Here's an overview of my workflow:
1- Load the dataset from a Parquet file using scan_parquet to create a LazyDataframe.
2- Perform transformations on the dataframe, which is unnesting.
3- Write the resulting data to disk as a Parquet file using sink_parquet.
Here is a code snippet that demonstrates the relevant parts of my Rust code:
use jemallocator::Jemalloc;
use polars::{
prelude::*,
};
use std::time::Instant;
#[global_allocator]
static GLOBAL: Jemalloc = Jemalloc;
fn main() {
let now = Instant::now();
let mut lf = LazyFrame::scan_parquet(
"./dataset.parquet",
ScanArgsParquet {
low_memory: true,
..Default::default()
},
)
.unwrap()
.with_streaming(true);
lf = lf.unnest(["fields"]);
let query_plan = lf.clone().explain(true).unwrap();
println!("{}", query_plan);
lf.sink_parquet("./result.parquet".into(), Default::default())
.unwrap();
let elapsed = now.elapsed();
println!("Elapsed: {:.2?}", elapsed);
}
Despite using LazyFrame and enabling low_memory mode in ScanArgsParquet, I still encounter an out of memory error during the execution of the code.

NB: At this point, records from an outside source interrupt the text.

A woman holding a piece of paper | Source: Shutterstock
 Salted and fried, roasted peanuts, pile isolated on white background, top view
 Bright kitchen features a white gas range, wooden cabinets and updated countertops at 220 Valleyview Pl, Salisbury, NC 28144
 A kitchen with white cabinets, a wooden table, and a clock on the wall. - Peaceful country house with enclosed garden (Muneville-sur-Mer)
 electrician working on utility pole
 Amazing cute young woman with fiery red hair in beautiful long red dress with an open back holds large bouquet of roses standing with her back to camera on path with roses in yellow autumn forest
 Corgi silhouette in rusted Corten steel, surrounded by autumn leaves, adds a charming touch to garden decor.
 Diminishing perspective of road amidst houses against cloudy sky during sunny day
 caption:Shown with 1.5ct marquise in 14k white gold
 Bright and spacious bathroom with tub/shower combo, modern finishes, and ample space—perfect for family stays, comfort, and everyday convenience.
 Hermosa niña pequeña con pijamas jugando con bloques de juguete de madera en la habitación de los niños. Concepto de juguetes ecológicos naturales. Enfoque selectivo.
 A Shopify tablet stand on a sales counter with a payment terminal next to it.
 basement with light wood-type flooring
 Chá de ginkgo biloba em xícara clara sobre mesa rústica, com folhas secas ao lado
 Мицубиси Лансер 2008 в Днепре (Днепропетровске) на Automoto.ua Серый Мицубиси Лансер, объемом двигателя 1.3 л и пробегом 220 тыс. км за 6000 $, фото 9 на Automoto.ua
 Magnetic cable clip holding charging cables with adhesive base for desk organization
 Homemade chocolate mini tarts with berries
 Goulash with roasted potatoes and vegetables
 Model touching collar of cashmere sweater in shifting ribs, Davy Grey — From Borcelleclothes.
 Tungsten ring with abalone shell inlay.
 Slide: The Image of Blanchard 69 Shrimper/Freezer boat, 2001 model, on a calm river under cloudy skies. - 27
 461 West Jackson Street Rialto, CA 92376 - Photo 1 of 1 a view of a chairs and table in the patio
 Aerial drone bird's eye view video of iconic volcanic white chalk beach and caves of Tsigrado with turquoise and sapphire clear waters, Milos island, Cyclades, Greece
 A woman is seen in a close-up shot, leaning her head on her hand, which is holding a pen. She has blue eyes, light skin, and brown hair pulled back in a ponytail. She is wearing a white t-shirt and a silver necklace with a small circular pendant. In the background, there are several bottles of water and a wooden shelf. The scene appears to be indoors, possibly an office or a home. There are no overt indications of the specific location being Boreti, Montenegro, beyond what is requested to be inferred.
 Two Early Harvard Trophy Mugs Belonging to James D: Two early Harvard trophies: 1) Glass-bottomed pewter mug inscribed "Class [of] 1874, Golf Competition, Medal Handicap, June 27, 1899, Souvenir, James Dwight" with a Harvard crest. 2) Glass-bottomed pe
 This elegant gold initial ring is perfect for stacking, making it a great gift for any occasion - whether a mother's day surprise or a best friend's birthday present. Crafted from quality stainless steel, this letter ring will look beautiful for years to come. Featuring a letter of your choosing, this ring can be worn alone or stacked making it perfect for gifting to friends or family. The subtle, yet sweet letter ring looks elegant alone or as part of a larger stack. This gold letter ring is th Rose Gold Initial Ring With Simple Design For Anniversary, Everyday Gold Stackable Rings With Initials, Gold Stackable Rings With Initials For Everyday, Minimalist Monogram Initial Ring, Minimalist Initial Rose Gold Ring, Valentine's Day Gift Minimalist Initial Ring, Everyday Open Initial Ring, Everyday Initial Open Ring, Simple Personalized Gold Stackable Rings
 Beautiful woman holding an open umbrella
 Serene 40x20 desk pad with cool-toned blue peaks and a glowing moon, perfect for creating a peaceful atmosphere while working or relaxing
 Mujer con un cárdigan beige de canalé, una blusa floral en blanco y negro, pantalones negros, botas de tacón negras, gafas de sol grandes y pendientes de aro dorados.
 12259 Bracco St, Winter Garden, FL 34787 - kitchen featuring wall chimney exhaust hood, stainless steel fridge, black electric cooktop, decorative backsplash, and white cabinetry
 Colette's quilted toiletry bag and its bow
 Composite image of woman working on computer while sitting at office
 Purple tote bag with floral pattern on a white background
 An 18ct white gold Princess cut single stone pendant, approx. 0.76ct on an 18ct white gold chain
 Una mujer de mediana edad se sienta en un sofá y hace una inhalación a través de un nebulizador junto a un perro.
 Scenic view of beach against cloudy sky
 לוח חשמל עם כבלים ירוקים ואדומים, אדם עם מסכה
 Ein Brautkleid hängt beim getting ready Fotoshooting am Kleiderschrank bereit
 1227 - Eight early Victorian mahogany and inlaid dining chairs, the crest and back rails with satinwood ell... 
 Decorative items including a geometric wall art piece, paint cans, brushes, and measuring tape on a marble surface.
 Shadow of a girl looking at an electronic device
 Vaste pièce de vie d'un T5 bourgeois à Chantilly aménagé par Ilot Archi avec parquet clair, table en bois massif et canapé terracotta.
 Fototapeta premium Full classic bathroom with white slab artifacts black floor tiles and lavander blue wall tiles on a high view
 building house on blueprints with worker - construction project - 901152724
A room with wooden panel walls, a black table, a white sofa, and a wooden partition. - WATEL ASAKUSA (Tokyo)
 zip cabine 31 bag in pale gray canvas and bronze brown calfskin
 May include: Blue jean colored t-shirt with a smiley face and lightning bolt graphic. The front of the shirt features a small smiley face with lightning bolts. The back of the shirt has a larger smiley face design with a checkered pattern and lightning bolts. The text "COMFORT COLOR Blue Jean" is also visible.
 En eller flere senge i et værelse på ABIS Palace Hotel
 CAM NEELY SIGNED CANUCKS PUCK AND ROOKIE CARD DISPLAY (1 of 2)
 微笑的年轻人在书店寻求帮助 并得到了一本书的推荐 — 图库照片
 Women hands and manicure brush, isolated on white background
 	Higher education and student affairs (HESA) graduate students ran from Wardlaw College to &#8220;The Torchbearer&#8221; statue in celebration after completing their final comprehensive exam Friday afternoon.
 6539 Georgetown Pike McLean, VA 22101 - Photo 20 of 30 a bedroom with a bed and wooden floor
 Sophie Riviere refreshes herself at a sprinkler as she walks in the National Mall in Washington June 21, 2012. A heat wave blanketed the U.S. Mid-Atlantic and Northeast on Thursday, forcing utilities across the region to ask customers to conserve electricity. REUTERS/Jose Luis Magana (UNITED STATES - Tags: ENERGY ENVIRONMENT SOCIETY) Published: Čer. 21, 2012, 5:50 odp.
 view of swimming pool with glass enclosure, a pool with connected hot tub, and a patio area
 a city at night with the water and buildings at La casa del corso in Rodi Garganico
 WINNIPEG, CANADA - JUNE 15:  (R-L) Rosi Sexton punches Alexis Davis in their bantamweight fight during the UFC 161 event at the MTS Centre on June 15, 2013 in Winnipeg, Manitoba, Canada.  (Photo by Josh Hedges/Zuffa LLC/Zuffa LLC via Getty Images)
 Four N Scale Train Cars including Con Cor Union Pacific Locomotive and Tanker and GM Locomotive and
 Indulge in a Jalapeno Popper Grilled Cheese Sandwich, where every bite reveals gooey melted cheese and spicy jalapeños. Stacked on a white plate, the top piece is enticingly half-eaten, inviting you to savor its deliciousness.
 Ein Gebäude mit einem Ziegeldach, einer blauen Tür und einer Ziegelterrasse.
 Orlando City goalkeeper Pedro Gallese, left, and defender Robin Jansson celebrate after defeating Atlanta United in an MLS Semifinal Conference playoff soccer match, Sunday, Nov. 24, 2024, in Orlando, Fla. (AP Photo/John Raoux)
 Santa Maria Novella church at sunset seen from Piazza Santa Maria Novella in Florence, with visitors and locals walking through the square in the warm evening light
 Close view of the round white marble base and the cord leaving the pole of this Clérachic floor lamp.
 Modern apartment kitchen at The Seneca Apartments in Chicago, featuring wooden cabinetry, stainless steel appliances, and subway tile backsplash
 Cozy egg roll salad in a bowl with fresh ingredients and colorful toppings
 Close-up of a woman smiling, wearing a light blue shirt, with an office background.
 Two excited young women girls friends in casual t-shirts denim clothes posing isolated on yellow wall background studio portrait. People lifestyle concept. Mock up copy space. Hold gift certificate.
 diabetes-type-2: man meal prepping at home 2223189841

I have tried the following:
- Using the jemallocator crate as the global allocator.
- Enabling streaming mode using with_streaming(true) for the LazyFrame operations.
- Using the
low_memory: truein the scan_parquet function.
The printed plan indicates that every operation should be run in the streaming engine:
--- STREAMING
UNNEST by:[fields]
Parquet SCAN ./resources/dataset.parquet
PROJECT */2 COLUMNS --- END STREAMING
DF []; PROJECT */0 COLUMNS; SELECTION: "None"
However, I am still running into memory issues when processing the large dataset (Parquet file size = 20GB).
My questions are:
- Why I'm getting the OOM error while everything is indicating it is using the streaming engine ?
- Is there another way to leverage disk-based processing or chunking the data to handle datasets larger than memory?
Any guidance or suggestions on how to resolve this issue would be greatly appreciated. Thank you in advance!